# Wasp nest.



## dmret (Mar 12, 2013)

I have a wasp nest between the roof and the wall. I can clearly see the 'combs' if that's the right word, and the little blighters working them. How far the nest extends into the loft space I have no idea as I have no access to it.I have a pool a few yards away.I note that a suggestion is to set up an alternative drinking supply for the wasps but the proximity of the pool to the nest means that this,I think, is a non starter.
Can anyone offer a safe means of removing these pests.
Thanks.


----------



## jimenato (Nov 21, 2009)

dmret said:


> I have a wasp nest between the roof and the wall. I can clearly see the 'combs' if that's the right word, and the little blighters working them. How far the nest extends into the loft space I have no idea as I have no access to it.I have a pool a few yards away.I note that a suggestion is to set up an alternative drinking supply for the wasps but the proximity of the pool to the nest means that this,I think, is a non starter.
> Can anyone offer a safe means of removing these pests.
> Thanks.


If the wasps are using the pool for drinking/swimming proceed as for the Pool and wasps thread.


----------



## dmret (Mar 12, 2013)

I'll certainly give the spray method a go.My problem is, apart from the close proximity of the pool to the nest it's feet away from my patio doors.
Looks like I'll be reaching for the yellow pages.
Thanks.


----------



## baldilocks (Mar 7, 2010)

dmret said:


> I'll certainly give the spray method a go.My problem is, apart from the close proximity of the pool to the nest it's feet away from my patio doors.
> Looks like I'll be reaching for the yellow pages.
> Thanks.


Contact the Ayuntamiento, they usually have people on-call who deal with things like that such a bees swarming, jabali on the loose in towns/villages, etc.


----------



## Alcalaina (Aug 6, 2010)

If the Ayuntamiento can't help there are professional services like this one. I wouldn't attempt to do it yourself.
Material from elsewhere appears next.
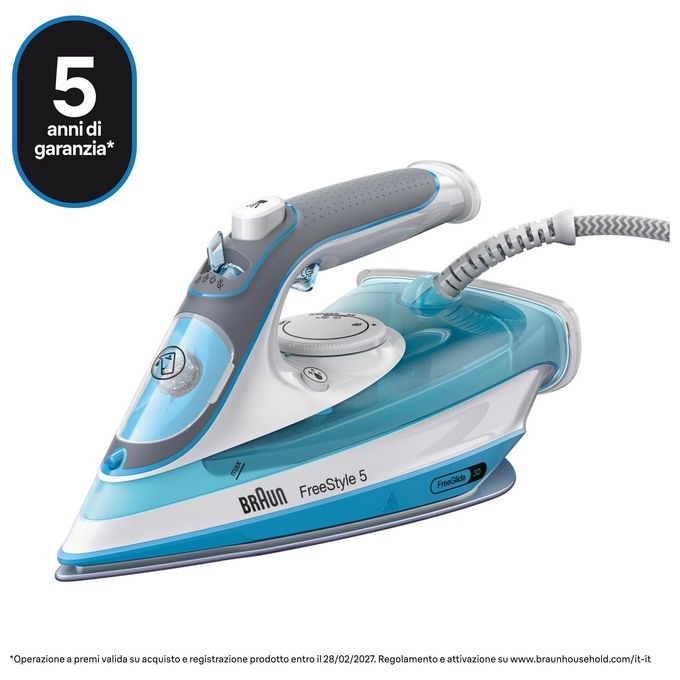 Braun SI5006BL TexStyle 5 Ferro da stiro a vapore Piastra Ceramica FreeGlide 3D 2600W 300ml colore Blu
Eliminar avispas Valencia | Matar avispas Valencia | Plaguisa


----------



## bob_bob (Jan 5, 2011)

DO NOT try doing this yourself please.


----------



## baldilocks (Mar 7, 2010)

bob_bob said:


> DO NOT try doing this yourself please.


Especially as these my not be ordinary common or garden wasps but Asian hornets which look quite similar and can sting you to death if aroused.


----------



## dmret (Mar 12, 2013)

Thanks. I have not the slightest intention in 'having a go'. I have too much respect for these pests.
I am more than content to watch the experts in action. From a distance.


----------



## dmret (Mar 12, 2013)

Will do.


----------



## dmret (Mar 12, 2013)

Alcalaina said:


> If the Ayuntamiento can't help there are professional services like this one. I wouldn't attempt to do it yourself.
> 
> Eliminar avispas Valencia | Matar avispas Valencia | Plaguisa


Thank you,I will in the morning.


----------



## Pazcat (Mar 24, 2010)

How big is the nest exactly?

I mean they are pretty easy to deal with, we get them all the time and have removed 3 nests this year already, one was being built in the car of all places.
You just spray the nest with a spray that I mentioned in the other thread and this will either kill them within seconds or they will flee the scene and then you can knock the nest down and dispose of it.
The spray is readily available in Carrefour and probably other shops and has a reach of about 3 meters.

Here is a pic of the latest one...



Normally would just live and let live but with kids and a dog with a habit of catching anything that flies they have to go.


----------